Safdie’s latest project on the waterfront backs up to the Gardiner, which is more often a parking lot than a thoroughfare. The Gardiner will eventually come down, he says, because “it’s too divisive.” This paradigm shift, however, will not occur during Mayor Rob Ford’s term, which is intended to see the end of the “war on the car.”
March 10, 2011
Supreme Court ruling on Insite will mark turning point in city’s drug strategy
What’s the next step in the City of Vancouver’s fight against poverty and addiction? That question was very much in the air this morning at a meeting of the Four Pillars Coalition convened by Mayor Gregor Robertson.
It’s been almost 10 years since NPA Mayor Phillip Owen was forced out by his own party for championing the Four Pillars Strategy and a supervised injection site as the answer to Vancouver’s crisis of addiction and HIV infection.

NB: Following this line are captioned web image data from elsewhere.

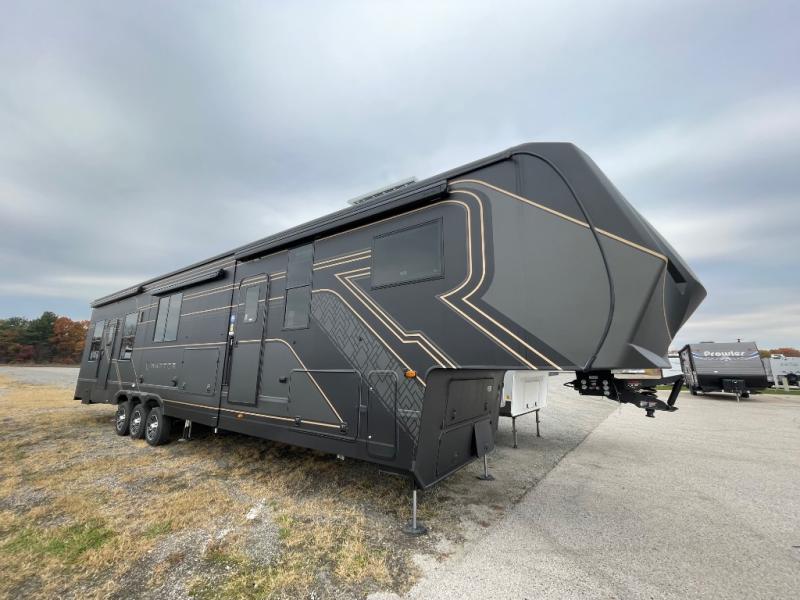 2026 Keystone Raptor 441HB, $ 189,173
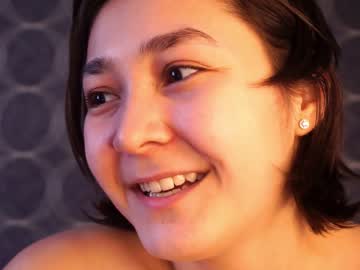 girl
        jeanfrancoa cam image #3699645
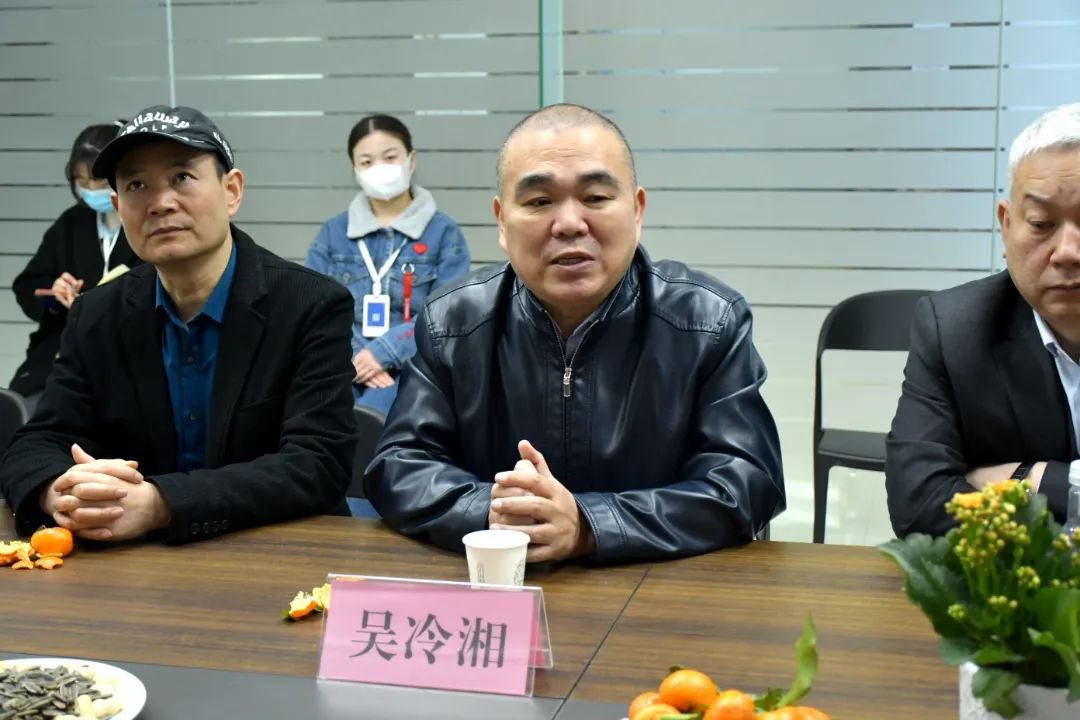 郑州市家居装饰设计商会一行前往鸿辉参观考察 郑州市家居装饰设计商会一行前往鸿辉参观考察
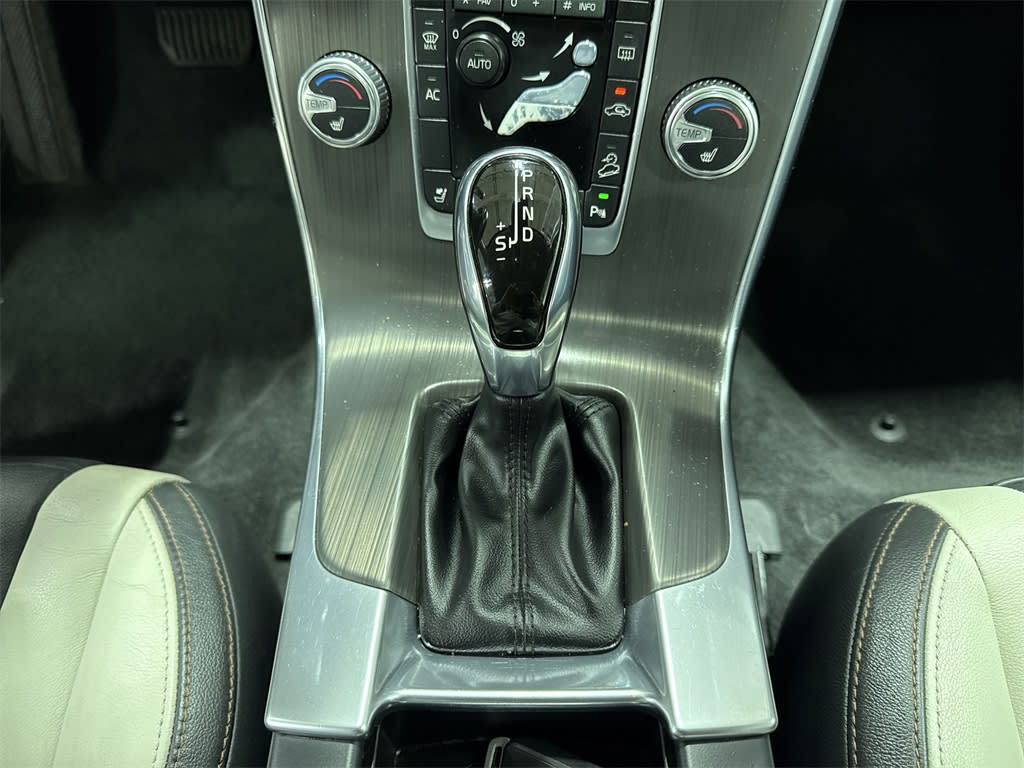 2016 Volvo V60 T5 31
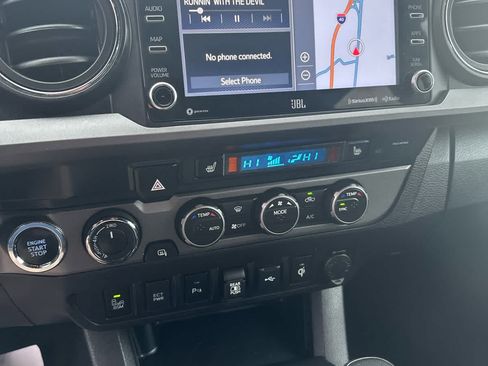 Used 2022 Toyota Tacoma TRD Pro image 15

The fate of Insite, opened in 2003 thanks to the leadership of Mayor Larry Campbell, will be settled once and for all May 12 by the Supreme Court of Canada. That’s the day the court will release its decision on an appeal, launched by the Harper Conservatives, of a BC Supreme Court ruling that blocked Ottawa’s attempts to shut the site down.
These days, Insite is turning away potential clients, particularly on welfare cheque days when the line-ups virtually stretch out the door.
The scientific analysis is clear: Insite has reduced HIV infection rates, overdose deaths, street disorder and drug crime. Now the Urban Health Research Initiative has concluded the site is also helping addicts obtain treatment and get clear of their addiction.
Dr. Julio Montaner, executive director of the Centre of Excellence for HIV/AIDS, told this morning’s meeting that the success of harm reduction strategies and HAART — highly active anti-retroviral therapy — have combined to produce dramatic drops in HIV infection rates. In effect, HAART treatment is also preventing new infections.